HODLing, a strategy emerged out of a meme, is now a popular concept in the world of cryptocurrency. Back in 2013, a Bitcoin investor accidentally introduced the term while chatting on a Bitcoin forum. The background to this was at a time of drop in Bitcoin price.
The sharp drop in prices evidently was likened to havoc among investors, this folk decided not to sell his share and wrote a post with the title “I am HODLing”. This was instead of HOLDing. This misspelling got the attention of the Bitcoin community and ultimately working backwards turned into a suggestive acronym: Hold On for Dear Life.
At present, the term HODLers describe crypto investors that buy and hold their crypto position, regardless of the market price. Whether the price goes up, down or sideways, these investors stay firm having their confidence in the long-term value of their asset.
To the typical crypto investment community, the concept seems like the height of insanity. The HODLers tag has become a funny term for people holding on to their imaginary money, not knowing the value for the price. However, those who have witnessed the recent Bitcoin volatility now know that the technique can actually fit perfectly in certain situations.
Buy, Hold, and Wait for a Price Surge
This buy and hold strategy is the only valid crypto investment strategy for some people out there. In the last year to March 2019 a 46% slide in Bitcoin prices has been witnessed, causing great panic among investors. As at when the term HODLing was introduced, the prices had already fallen to 24.67%. Since then, the Bitcoin prices have risen up to 1338%, though not through a straight path but passing through all the ups and downs.
So, a person who adopted the HODLing strategy back then had invested $10,000 in Bitcoin, his investment would be worth $143,829 by now. Such is the minimal effect of hodling on the average bitcoin investor. While this is not without its dangers, anyone who can be unmoved during a market tsunami is sure to reap the rewards of a price surge.
HODLing in cryptocurrency has become one of the important strategies of Bitcoin holders. It is also a major reason why Bitcoin remains as the most valuable Cryptocurrency in the market. Although the person that adopted this HODLing strategy for Bitcoin investment got the rewards, it is not easy to stare down the market. Analysts will tell you that the process of HODLing on to your investment may make you look miserable at first. But it offers the best return at the end if the market turns a corner
Uncertainties and Determination
For Bitcoin so far, a really volatile asset, choosing the asset carefully and then holding on to it in the long-term has seen to pay off really well. What the newbie needs to know is the fact that financial markets have shown the world a pattern. Prices will always rise and fall for any underlying asset. But you can be sure of an upswing, if not now, but later.

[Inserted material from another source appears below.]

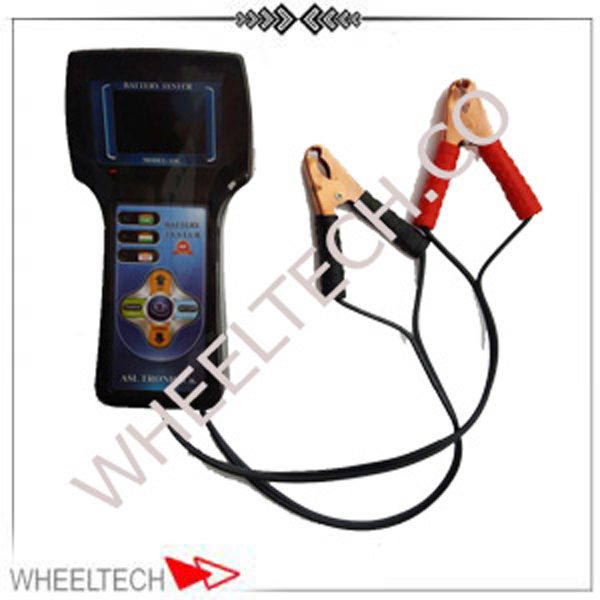 تصویر تستر سخنگو مدل 3000 تستر سخنگو خودرو مدل 3000 اصل ترونیک با نمایشگر دیجیتال و اعلام صوتی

Some of the HODLing investors may claim that they invest in the market by understanding the strategy. They claim to be investing in what they know. Although there are several theoretical models to explain the market mechanism, the timing cannot always be predicted. It is nearly impossible to predict market movements.
So, when some investors claim to have figured out the market mechanism, they are actually fooling themselves. As cryptocurrencies for global financial market index shows, bitcoin is volatile with high-risk and high returns. Yet, Hodling is a level-headed approach to investing in any volatile market.

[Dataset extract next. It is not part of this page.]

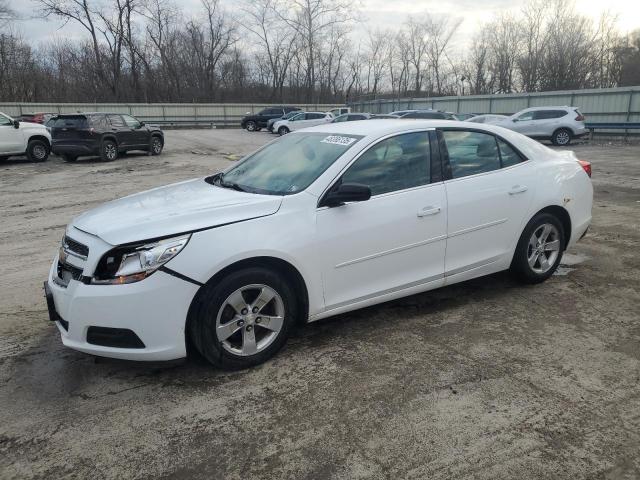 2013 Chevrolet Malibu Ls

The major problem raging till now for the HODLers is an unbalanced portfolio. Having invested in the cryptocurrency and holding on to it doesn’t allow you to sit lazily and watch the market trends. You have to put your effort in order to gain your share of the benefit. In order to uphold a reasonable portfolio and reduce the adjustment risks in returns, there is a pathway. The investor needs to rebalance his portfolio from time to time.
This rebalancing may force many investors to buy at low prices and sell when prices soar just to have a worthwhile return. The question is -when will prices soar? This is the unknown part of the equation. The waiting period can be short or long, eventually, prices will soar again.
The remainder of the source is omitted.